Top of Provided data

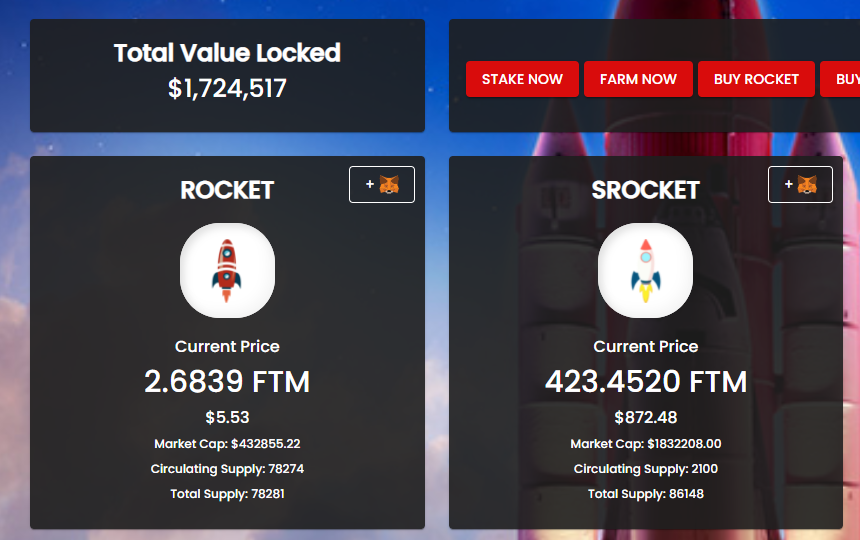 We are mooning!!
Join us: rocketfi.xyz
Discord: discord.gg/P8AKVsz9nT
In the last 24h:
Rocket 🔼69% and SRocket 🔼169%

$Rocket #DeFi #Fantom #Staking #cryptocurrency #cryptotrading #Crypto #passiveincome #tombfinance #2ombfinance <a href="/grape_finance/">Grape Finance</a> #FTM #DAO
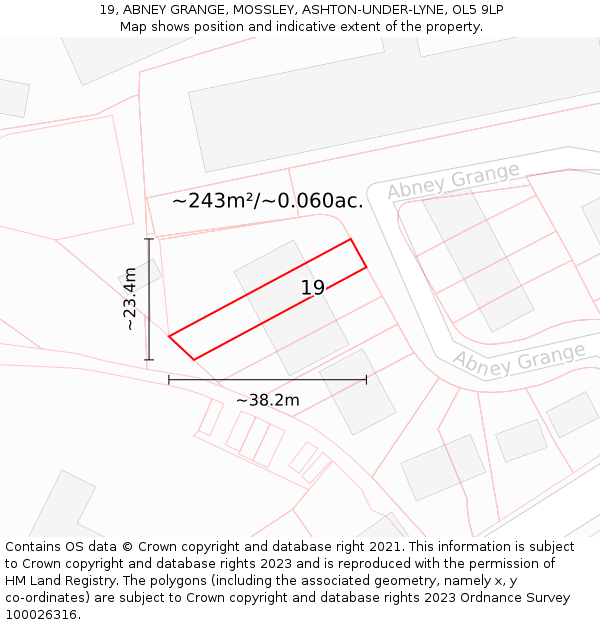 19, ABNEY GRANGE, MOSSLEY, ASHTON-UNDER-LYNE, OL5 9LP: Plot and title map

Bottom of Provided data
Top of Provided data

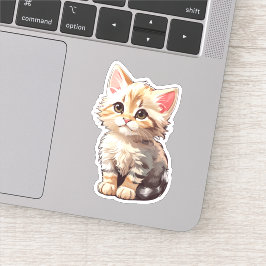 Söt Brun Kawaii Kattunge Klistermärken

Bottom of Provided data

Your instructions
Copy word for word the span of the records above that begins at the line with "Finance</a> #FTM #DAO" and ends at the line with "19, ABNEY GRANGE, MOSSLEY, ASHTON-UNDER-LYNE, OL5", including those two lines but not the pictures.

Written answer
$Rocket #DeFi #Fantom #Staking #cryptocurrency #cryptotrading #Crypto #passiveincome #tombfinance #2ombfinance <a href="/grape_finance/">Grape Finance</a> #FTM #DAO
 19, ABNEY GRANGE, MOSSLEY, ASHTON-UNDER-LYNE, OL5 9LP: Plot and title map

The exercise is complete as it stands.